The Inflation Kills (TIK) were a band from Hamilton, Ontario, featuring founding members of prominent Southern Ontario independent bands Kitchens & Bathrooms and Hoosier Poet. Members of the band were: Phil Williams (vocals/guitar), Matt Fleming (guitar), Nicholas Daleo (drums) and Adrian Murchison (bass).

==History==
After indie-math-rockers Kitchens & Bathrooms disbanded, Williams went on to start The Inflation Kills in 2004 with the intentions of demonstrating an aesthetic shift from more complex time signatures, toward a rock and roll inspired approach, and reestablishing a long commitment to an independent approach to musical creation. The Inflation Kills had two albums. Their self-titled, debut, full-length album released through the now defunct TikTokTikTok MUSIC! collective and distributed in Canada through Sonic Unyon. Their second album, GROUNDS FOR TERMINATION, released in 2016 on bandcamp and other platforms.

Prior to playing their hometown, The Inflation Kills took the atypical approach of touring to a region where members' former bands had relative success; that is, they toured Eastern Canada and shared stages with friends Wintersleep, Contrived, Ermine and Jon Epworth. Following that initial tour, the band returned home to debut in Hamilton, Ontario, at The Underground with The Constantines. Early in the new year, the band nearly had to cancel its recording plans after the studio they were booked into was flooded by a burst pipe, but the group was able to avert crisis when the producer, Matt Talbot (HUM), was able to book studio time at Electrical Audio in Chicago, Illinois. The album was engineered by Russ Arbuthnot at Electrical Audio in Chicago, Illinois, in early 2005, and completed and produced at Great Western Record Recorders by Matt Talbot.

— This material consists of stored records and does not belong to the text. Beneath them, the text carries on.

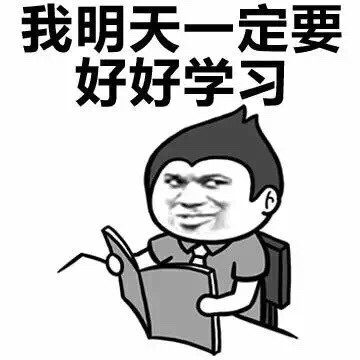 默认专辑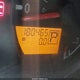 1N6AD0ER1CC450076 2012 Nissan Frontier Sv auction photo thumbnail 7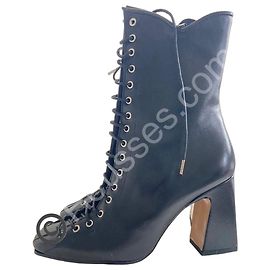 Autre Marque Make My Lemonade Women's Shoes in New Condition without Tag Other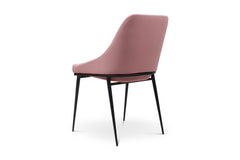 Sora Dining Chair - SET OF 2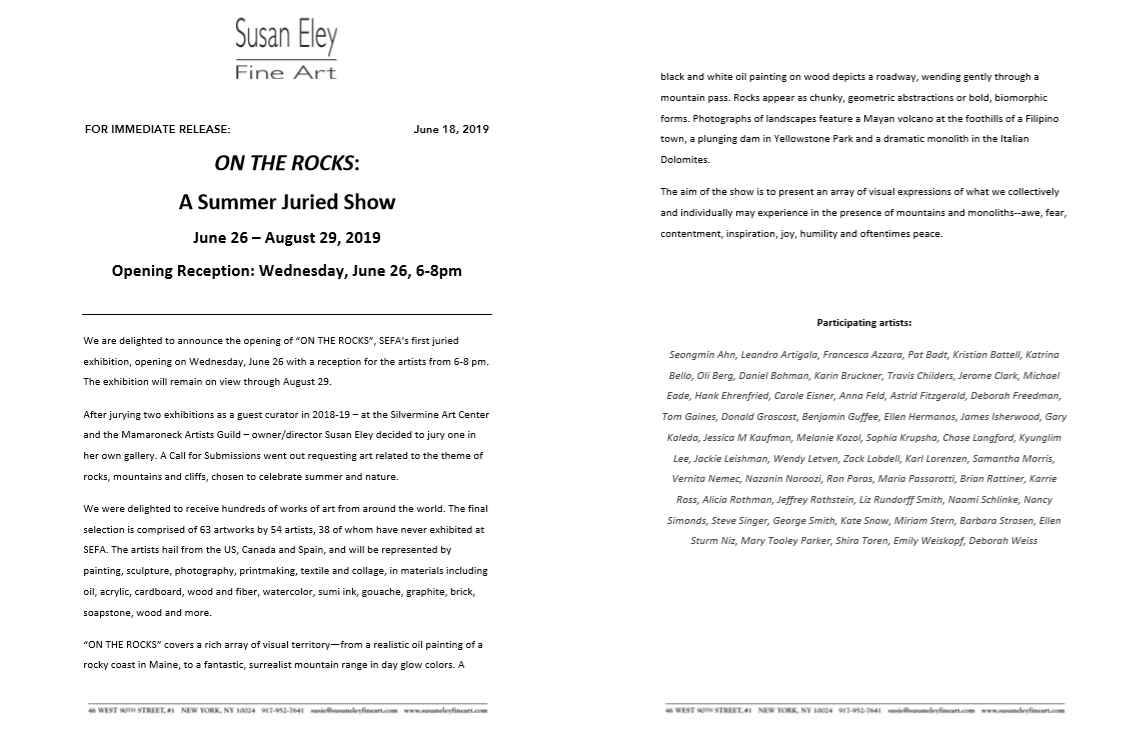 Screenshot (270).png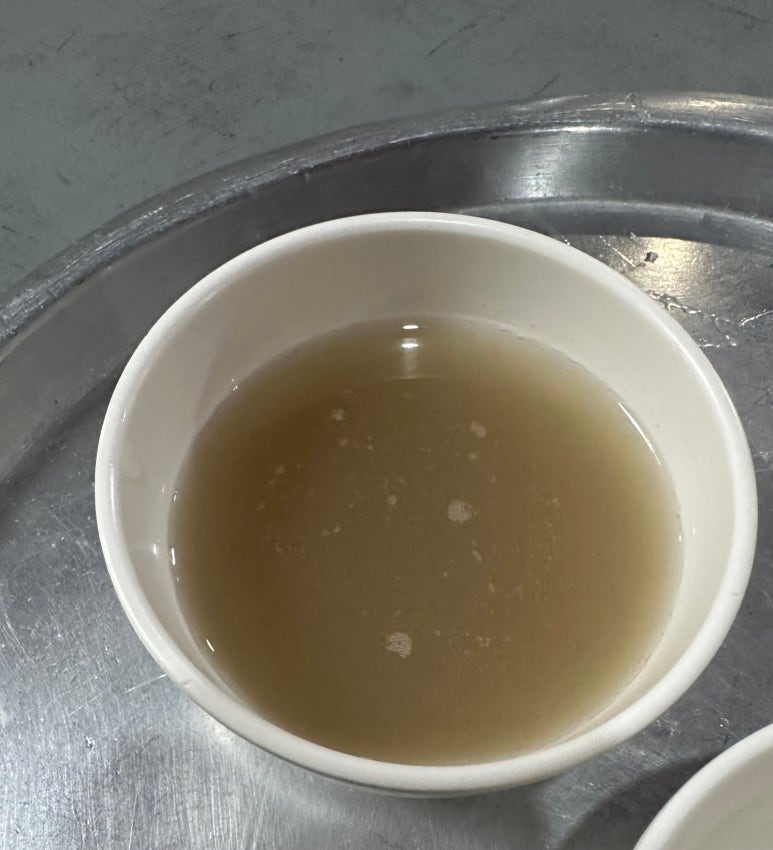 대궁한우구이 이미지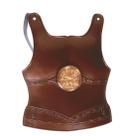 Traje de armadura torácica, trajes de RG, brinquedo de gladiadores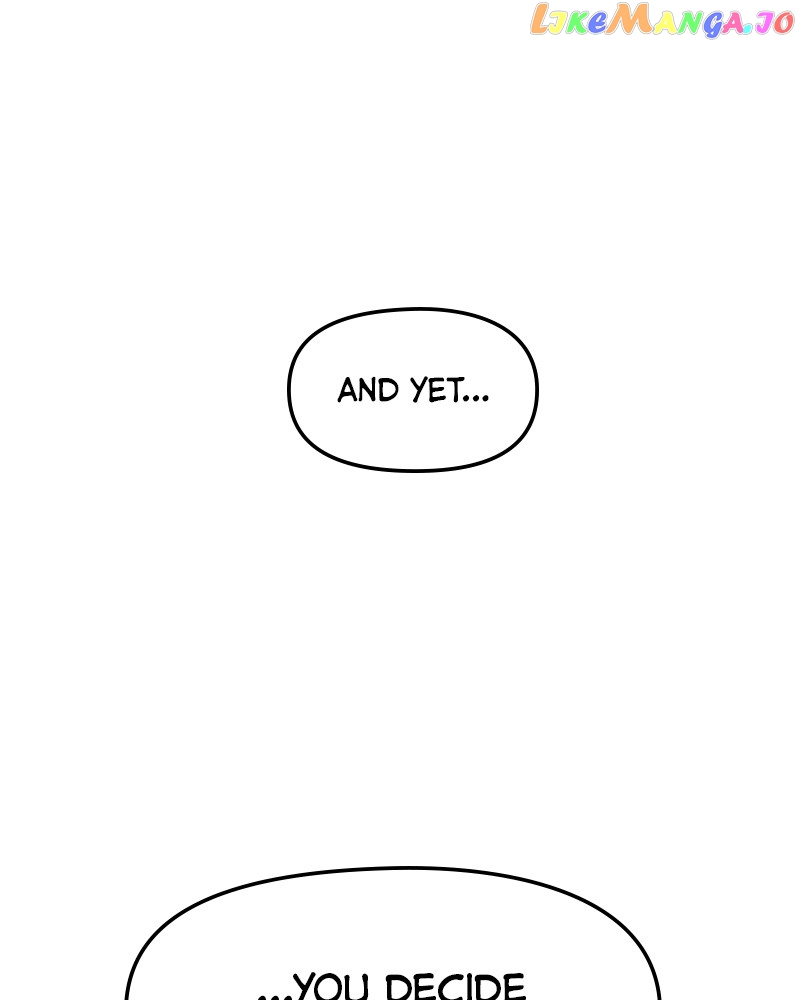 Dead Knight Gunther Chapter 44 - page 48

It was mastered by Ryan Mills (Antiantenna, 20 Hz) at Joao Carvalho Mastering in Toronto, Ontario, and released on April 8, 2005. The album debuted at #44 in May 2005 on the earshot charts in Canada, dropping to 50th for the month of June 2005.

Following the release of the album, the band primarily toured Eastern Canada while making appearances at the Pop Montreal and Halifax Pop Explosion festivals, sharing stages with Dependent Music affiliated artists such as Wintersleep, Contrived, Ermine, and Jon Epworth, but also toured Nationwide. The band also has a music video for the song "When Clones Come", created by former MuchMusic producer Matt Unsworth. The band has also performed and recorded a CBC Radio 3 Live Session in the Glenn Gould Studio at CBC headquarters in Toronto, Ontario, a part of which segment reveals new music that is, as of yet, unreleased.

After The Inflation Kills went dormant, Phil Williams wrote and performed a series of acoustic fragments as a solo artist and was featured in an episode of Southern Souls' musical video series whilst performing amongst installations at the Science Centre in Toronto, Ontario. Matt Fleming studied jazz guitar in Antigonish, Nova Scotia, at St. Francis Xavier University and played in the Halifax-based band Kuato, Ottawa metal band Biipiigwan, and is currently playing bass for the Hamilton, Ontario roots rocker, and Sonic Unyon recording artist, Terra Lightfoot. Nicholas Daleo went on to play drums live and on record for Pneumatic Transit—a short-lived project started by Adrian Murchison—as well as live for Monster Truck, and Blinker the Star. Adrian Murchison toured once out east with his project, Pneumatic Transit, but the band has not performed or released any further material since.

The Inflation Kills recorded a 7-song EP in Summer 2015 at Boxcar Recording (Hamilton, Ontario) with Sean Pearson (50 Watt Head, Teevee Freaks, WTCHS). Its scheduled release is end of 2015 via a limited run of 100 green cassette tapes with gold lettering through Cold Slither Tapes (Chicago, Illinois).